# Problem
Give back all the data exactly as it was written.
START Task inputs
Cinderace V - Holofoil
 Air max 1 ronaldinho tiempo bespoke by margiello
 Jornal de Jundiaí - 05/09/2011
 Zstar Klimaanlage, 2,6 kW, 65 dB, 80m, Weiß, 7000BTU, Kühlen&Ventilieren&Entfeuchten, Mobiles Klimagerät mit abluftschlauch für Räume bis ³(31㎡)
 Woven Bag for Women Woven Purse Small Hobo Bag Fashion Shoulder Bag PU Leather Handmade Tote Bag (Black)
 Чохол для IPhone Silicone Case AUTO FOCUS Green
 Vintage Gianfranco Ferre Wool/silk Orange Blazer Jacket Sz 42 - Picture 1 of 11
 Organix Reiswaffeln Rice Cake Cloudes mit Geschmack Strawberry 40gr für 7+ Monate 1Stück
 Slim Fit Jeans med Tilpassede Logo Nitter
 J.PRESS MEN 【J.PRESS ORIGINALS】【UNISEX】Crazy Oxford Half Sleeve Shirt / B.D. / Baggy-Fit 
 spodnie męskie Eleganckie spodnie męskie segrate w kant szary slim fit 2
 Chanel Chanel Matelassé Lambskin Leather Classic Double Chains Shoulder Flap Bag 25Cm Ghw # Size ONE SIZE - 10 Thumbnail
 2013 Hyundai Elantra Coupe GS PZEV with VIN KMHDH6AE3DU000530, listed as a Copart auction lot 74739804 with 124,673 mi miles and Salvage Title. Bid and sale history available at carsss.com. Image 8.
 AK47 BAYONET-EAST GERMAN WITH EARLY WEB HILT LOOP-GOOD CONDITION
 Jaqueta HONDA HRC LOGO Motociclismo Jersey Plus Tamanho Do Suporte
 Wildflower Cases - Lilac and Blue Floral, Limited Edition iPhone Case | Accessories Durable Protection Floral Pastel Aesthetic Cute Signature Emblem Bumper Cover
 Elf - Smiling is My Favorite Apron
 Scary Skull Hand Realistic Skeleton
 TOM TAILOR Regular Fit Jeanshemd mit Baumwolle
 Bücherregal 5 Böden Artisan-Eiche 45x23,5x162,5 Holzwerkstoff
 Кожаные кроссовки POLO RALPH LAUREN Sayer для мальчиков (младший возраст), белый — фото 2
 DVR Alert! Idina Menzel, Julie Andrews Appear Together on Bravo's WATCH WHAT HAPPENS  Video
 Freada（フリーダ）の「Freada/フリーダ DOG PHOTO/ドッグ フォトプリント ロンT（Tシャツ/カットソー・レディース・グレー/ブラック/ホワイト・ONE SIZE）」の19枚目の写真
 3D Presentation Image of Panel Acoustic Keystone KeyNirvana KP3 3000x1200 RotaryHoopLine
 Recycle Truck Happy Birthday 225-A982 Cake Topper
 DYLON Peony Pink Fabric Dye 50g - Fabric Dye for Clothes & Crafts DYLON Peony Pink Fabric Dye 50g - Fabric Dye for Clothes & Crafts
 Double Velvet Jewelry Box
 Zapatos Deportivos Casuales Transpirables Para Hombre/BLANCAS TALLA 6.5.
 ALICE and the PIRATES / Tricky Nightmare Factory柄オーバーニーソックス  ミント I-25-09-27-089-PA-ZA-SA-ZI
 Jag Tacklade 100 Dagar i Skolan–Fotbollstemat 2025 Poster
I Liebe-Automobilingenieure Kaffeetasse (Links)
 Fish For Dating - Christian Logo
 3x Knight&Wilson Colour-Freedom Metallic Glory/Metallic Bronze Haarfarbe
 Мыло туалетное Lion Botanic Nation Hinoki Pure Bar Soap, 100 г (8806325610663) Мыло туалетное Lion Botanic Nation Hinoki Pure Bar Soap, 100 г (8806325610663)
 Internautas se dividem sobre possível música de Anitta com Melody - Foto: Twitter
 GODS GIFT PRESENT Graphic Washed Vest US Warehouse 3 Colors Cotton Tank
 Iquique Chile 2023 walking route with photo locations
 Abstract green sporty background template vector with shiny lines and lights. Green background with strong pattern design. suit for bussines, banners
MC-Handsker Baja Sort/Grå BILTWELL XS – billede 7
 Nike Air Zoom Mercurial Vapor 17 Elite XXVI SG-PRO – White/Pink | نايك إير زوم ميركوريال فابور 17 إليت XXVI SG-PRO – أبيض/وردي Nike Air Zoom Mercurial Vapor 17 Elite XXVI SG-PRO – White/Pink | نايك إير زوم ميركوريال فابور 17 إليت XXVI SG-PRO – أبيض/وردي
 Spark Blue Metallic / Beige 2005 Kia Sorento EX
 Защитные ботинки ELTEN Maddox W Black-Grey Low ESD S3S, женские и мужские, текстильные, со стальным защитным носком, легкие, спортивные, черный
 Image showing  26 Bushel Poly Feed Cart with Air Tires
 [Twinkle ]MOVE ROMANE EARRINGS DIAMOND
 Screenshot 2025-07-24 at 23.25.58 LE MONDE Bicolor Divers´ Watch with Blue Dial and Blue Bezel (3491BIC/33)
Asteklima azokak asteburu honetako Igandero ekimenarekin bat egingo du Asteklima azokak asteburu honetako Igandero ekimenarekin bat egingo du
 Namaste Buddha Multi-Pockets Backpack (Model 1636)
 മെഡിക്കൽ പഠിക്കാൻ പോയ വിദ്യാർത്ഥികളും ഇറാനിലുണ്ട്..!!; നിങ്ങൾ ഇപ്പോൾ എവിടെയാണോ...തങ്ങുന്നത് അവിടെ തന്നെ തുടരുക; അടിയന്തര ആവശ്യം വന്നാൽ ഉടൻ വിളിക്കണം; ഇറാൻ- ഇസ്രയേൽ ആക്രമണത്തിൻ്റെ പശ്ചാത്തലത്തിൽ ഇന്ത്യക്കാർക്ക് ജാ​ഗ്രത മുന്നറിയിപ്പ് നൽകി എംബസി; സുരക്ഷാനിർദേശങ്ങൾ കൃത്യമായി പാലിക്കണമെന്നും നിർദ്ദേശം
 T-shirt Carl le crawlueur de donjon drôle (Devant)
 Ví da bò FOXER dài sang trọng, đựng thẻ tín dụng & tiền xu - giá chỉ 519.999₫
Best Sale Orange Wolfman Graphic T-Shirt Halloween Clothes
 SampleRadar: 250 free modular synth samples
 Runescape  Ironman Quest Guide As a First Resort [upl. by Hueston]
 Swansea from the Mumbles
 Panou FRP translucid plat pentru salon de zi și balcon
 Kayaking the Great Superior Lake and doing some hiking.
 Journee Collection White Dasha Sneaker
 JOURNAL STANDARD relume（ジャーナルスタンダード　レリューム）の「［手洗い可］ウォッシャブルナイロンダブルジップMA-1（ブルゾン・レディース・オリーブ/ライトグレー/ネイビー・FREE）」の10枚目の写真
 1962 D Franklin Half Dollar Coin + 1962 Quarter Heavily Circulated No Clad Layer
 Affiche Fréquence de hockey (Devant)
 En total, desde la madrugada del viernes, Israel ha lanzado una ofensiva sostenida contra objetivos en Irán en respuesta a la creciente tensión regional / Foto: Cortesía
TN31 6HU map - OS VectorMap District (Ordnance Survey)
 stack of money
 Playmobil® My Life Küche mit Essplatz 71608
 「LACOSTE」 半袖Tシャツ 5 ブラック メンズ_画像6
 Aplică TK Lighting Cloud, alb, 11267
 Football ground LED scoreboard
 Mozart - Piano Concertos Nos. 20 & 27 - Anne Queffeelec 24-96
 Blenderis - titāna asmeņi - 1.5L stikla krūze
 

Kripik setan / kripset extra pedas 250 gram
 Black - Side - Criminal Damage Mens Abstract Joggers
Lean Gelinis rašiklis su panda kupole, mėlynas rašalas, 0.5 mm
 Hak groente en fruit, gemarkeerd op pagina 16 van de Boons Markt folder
END Task inputs
# Result
Cinderace V - Holofoil
 Air max 1 ronaldinho tiempo bespoke by margiello
 Jornal de Jundiaí - 05/09/2011
 Zstar Klimaanlage, 2,6 kW, 65 dB, 80m, Weiß, 7000BTU, Kühlen&Ventilieren&Entfeuchten, Mobiles Klimagerät mit abluftschlauch für Räume bis ³(31㎡)
 Woven Bag for Women Woven Purse Small Hobo Bag Fashion Shoulder Bag PU Leather Handmade Tote Bag (Black)
 Чохол для IPhone Silicone Case AUTO FOCUS Green
 Vintage Gianfranco Ferre Wool/silk Orange Blazer Jacket Sz 42 - Picture 1 of 11
 Organix Reiswaffeln Rice Cake Cloudes mit Geschmack Strawberry 40gr für 7+ Monate 1Stück
 Slim Fit Jeans med Tilpassede Logo Nitter
 J.PRESS MEN 【J.PRESS ORIGINALS】【UNISEX】Crazy Oxford Half Sleeve Shirt / B.D. / Baggy-Fit 
 spodnie męskie Eleganckie spodnie męskie segrate w kant szary slim fit 2
 Chanel Chanel Matelassé Lambskin Leather Classic Double Chains Shoulder Flap Bag 25Cm Ghw # Size ONE SIZE - 10 Thumbnail
 2013 Hyundai Elantra Coupe GS PZEV with VIN KMHDH6AE3DU000530, listed as a Copart auction lot 74739804 with 124,673 mi miles and Salvage Title. Bid and sale history available at carsss.com. Image 8.
 AK47 BAYONET-EAST GERMAN WITH EARLY WEB HILT LOOP-GOOD CONDITION
 Jaqueta HONDA HRC LOGO Motociclismo Jersey Plus Tamanho Do Suporte
 Wildflower Cases - Lilac and Blue Floral, Limited Edition iPhone Case | Accessories Durable Protection Floral Pastel Aesthetic Cute Signature Emblem Bumper Cover
 Elf - Smiling is My Favorite Apron
 Scary Skull Hand Realistic Skeleton
 TOM TAILOR Regular Fit Jeanshemd mit Baumwolle
 Bücherregal 5 Böden Artisan-Eiche 45x23,5x162,5 Holzwerkstoff
 Кожаные кроссовки POLO RALPH LAUREN Sayer для мальчиков (младший возраст), белый — фото 2
 DVR Alert! Idina Menzel, Julie Andrews Appear Together on Bravo's WATCH WHAT HAPPENS  Video
 Freada（フリーダ）の「Freada/フリーダ DOG PHOTO/ドッグ フォトプリント ロンT（Tシャツ/カットソー・レディース・グレー/ブラック/ホワイト・ONE SIZE）」の19枚目の写真
 3D Presentation Image of Panel Acoustic Keystone KeyNirvana KP3 3000x1200 RotaryHoopLine
 Recycle Truck Happy Birthday 225-A982 Cake Topper
 DYLON Peony Pink Fabric Dye 50g - Fabric Dye for Clothes & Crafts DYLON Peony Pink Fabric Dye 50g - Fabric Dye for Clothes & Crafts
 Double Velvet Jewelry Box
 Zapatos Deportivos Casuales Transpirables Para Hombre/BLANCAS TALLA 6.5.
 ALICE and the PIRATES / Tricky Nightmare Factory柄オーバーニーソックス  ミント I-25-09-27-089-PA-ZA-SA-ZI
 Jag Tacklade 100 Dagar i Skolan–Fotbollstemat 2025 Poster
I Liebe-Automobilingenieure Kaffeetasse (Links)
 Fish For Dating - Christian Logo
 3x Knight&Wilson Colour-Freedom Metallic Glory/Metallic Bronze Haarfarbe
 Мыло туалетное Lion Botanic Nation Hinoki Pure Bar Soap, 100 г (8806325610663) Мыло туалетное Lion Botanic Nation Hinoki Pure Bar Soap, 100 г (8806325610663)
 Internautas se dividem sobre possível música de Anitta com Melody - Foto: Twitter
 GODS GIFT PRESENT Graphic Washed Vest US Warehouse 3 Colors Cotton Tank
 Iquique Chile 2023 walking route with photo locations
 Abstract green sporty background template vector with shiny lines and lights. Green background with strong pattern design. suit for bussines, banners
MC-Handsker Baja Sort/Grå BILTWELL XS – billede 7
 Nike Air Zoom Mercurial Vapor 17 Elite XXVI SG-PRO – White/Pink | نايك إير زوم ميركوريال فابور 17 إليت XXVI SG-PRO – أبيض/وردي Nike Air Zoom Mercurial Vapor 17 Elite XXVI SG-PRO – White/Pink | نايك إير زوم ميركوريال فابور 17 إليت XXVI SG-PRO – أبيض/وردي
 Spark Blue Metallic / Beige 2005 Kia Sorento EX
 Защитные ботинки ELTEN Maddox W Black-Grey Low ESD S3S, женские и мужские, текстильные, со стальным защитным носком, легкие, спортивные, черный
 Image showing  26 Bushel Poly Feed Cart with Air Tires
 [Twinkle ]MOVE ROMANE EARRINGS DIAMOND
 Screenshot 2025-07-24 at 23.25.58 LE MONDE Bicolor Divers´ Watch with Blue Dial and Blue Bezel (3491BIC/33)
Asteklima azokak asteburu honetako Igandero ekimenarekin bat egingo du Asteklima azokak asteburu honetako Igandero ekimenarekin bat egingo du
 Namaste Buddha Multi-Pockets Backpack (Model 1636)
 മെഡിക്കൽ പഠിക്കാൻ പോയ വിദ്യാർത്ഥികളും ഇറാനിലുണ്ട്..!!; നിങ്ങൾ ഇപ്പോൾ എവിടെയാണോ...തങ്ങുന്നത് അവിടെ തന്നെ തുടരുക; അടിയന്തര ആവശ്യം വന്നാൽ ഉടൻ വിളിക്കണം; ഇറാൻ- ഇസ്രയേൽ ആക്രമണത്തിൻ്റെ പശ്ചാത്തലത്തിൽ ഇന്ത്യക്കാർക്ക് ജാ​ഗ്രത മുന്നറിയിപ്പ് നൽകി എംബസി; സുരക്ഷാനിർദേശങ്ങൾ കൃത്യമായി പാലിക്കണമെന്നും നിർദ്ദേശം
 T-shirt Carl le crawlueur de donjon drôle (Devant)
 Ví da bò FOXER dài sang trọng, đựng thẻ tín dụng & tiền xu - giá chỉ 519.999₫
Best Sale Orange Wolfman Graphic T-Shirt Halloween Clothes
 SampleRadar: 250 free modular synth samples
 Runescape  Ironman Quest Guide As a First Resort [upl. by Hueston]
 Swansea from the Mumbles
 Panou FRP translucid plat pentru salon de zi și balcon
 Kayaking the Great Superior Lake and doing some hiking.
 Journee Collection White Dasha Sneaker
 JOURNAL STANDARD relume（ジャーナルスタンダード　レリューム）の「［手洗い可］ウォッシャブルナイロンダブルジップMA-1（ブルゾン・レディース・オリーブ/ライトグレー/ネイビー・FREE）」の10枚目の写真
 1962 D Franklin Half Dollar Coin + 1962 Quarter Heavily Circulated No Clad Layer
 Affiche Fréquence de hockey (Devant)
 En total, desde la madrugada del viernes, Israel ha lanzado una ofensiva sostenida contra objetivos en Irán en respuesta a la creciente tensión regional / Foto: Cortesía
TN31 6HU map - OS VectorMap District (Ordnance Survey)
 stack of money
 Playmobil® My Life Küche mit Essplatz 71608
 「LACOSTE」 半袖Tシャツ 5 ブラック メンズ_画像6
 Aplică TK Lighting Cloud, alb, 11267
 Football ground LED scoreboard
 Mozart - Piano Concertos Nos. 20 & 27 - Anne Queffeelec 24-96
 Blenderis - titāna asmeņi - 1.5L stikla krūze
 

Kripik setan / kripset extra pedas 250 gram
 Black - Side - Criminal Damage Mens Abstract Joggers
Lean Gelinis rašiklis su panda kupole, mėlynas rašalas, 0.5 mm
 Hak groente en fruit, gemarkeerd op pagina 16 van de Boons Markt folder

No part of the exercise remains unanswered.